To most people, ‘fashion capital of the world’, means not only a pre-eminent centre where leading trends emerge and innovative designs are created, but also a place that is prominent in coordinating the production and retail of high-fashion clothing and accessories, in accommodating leading design schools, in publishing the glossy fashion magazines that are key to promoting new trends and providing a platform for the current leaders of fashion, and in hosting the ateliers and salons of the leading couturiers of the day. In short, the ‘fashion capitals’ are home not only to those in the vanguard of design but also to the vast marketing and promotional machine that is devoted to the operation of the huge fashion industry. Over many centuries, the names of these capitals have changed but, for a long while, Paris has remained the capital of haute couture. London is currently amongst the six principal centres of fashion excellence, alongside Paris, New York, Barcelona, Milan and Rome, with Berlin, Tokyo, Sāo Paulo and Los Angeles coming up hard on their heels.

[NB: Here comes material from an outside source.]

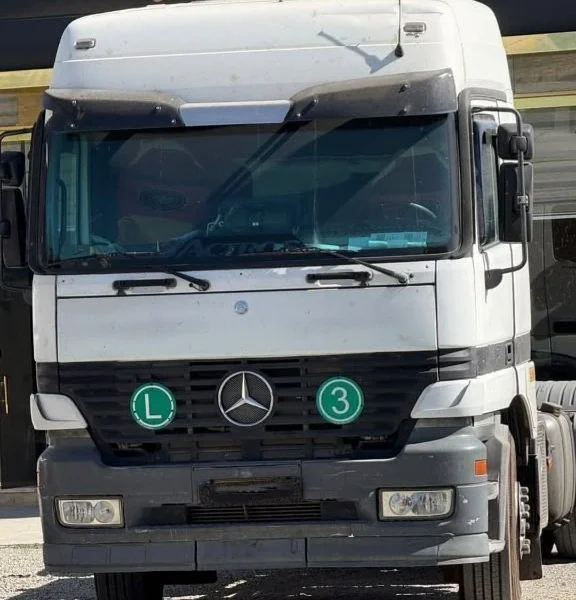 نمای کامل کشنده بنز آکتروس مدل 1383 (فنی به شرط)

London’s Fashion Week has now become one of the highlights in the calendars of most of the movers and shakers in the fashion industry. Since the sixties and Mary Quant’s head-turning designs - the mini skirts and the hot pants - London fashion trends have continued to capture the headlines. While Saville Row’s outfitters for gentlemen have remained a symbol for all that is best in traditional London tailoring, the anti-establishment, ‘punk’ designs of Vivienne Westwood and her partner, Malcolm McLaren, unashamedly took over the market for popular fashion. Alexander McQueen, who learned his craft as a couturier in Saville Row, became one of London’s most innovative and influential fashion designers, inspiring many others who followed his lead. London has developed as a fashion centre where there is both respect for tradition and where the ‘rules’ can (and are) frequently broken. It is the place where, until very recently, young British designers were almost expected to be iconoclastic, yet where any new fashion design brand that can proclaim its London associations will be seen as desirable and of high quality. It is worth noting that the market value of this country’s fashion industry, seen as frivolous and marginal by some, is in the region of £66,000,000,000 (sixty-six billion) per annum.

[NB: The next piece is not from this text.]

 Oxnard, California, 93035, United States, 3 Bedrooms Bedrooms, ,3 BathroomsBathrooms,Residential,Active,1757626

One of the newer brand names is YenTing Cho and I had the great privilege of meeting, photographing and interviewing the man behind what is still a recent start-up. I was invited to meet him at his impressive operational centre, on the 42nd floor of a glass and steel palace in the sky, located on the Isle of Dogs and part of London’s ‘New City’. It is mid-December but we have been blessed with the most beautiful weather - a clear blue sky and remarkable visibility. On the horizon, the Shard is confidently piercing the clouds and the massive new skyscrapers of the old City appear separated from the new financial centre on the Isle of Dogs by a lazily flowing River Thames. The river forms an ’S’ shape here, what could almost be a dollar sign - how very appropriate, I thought!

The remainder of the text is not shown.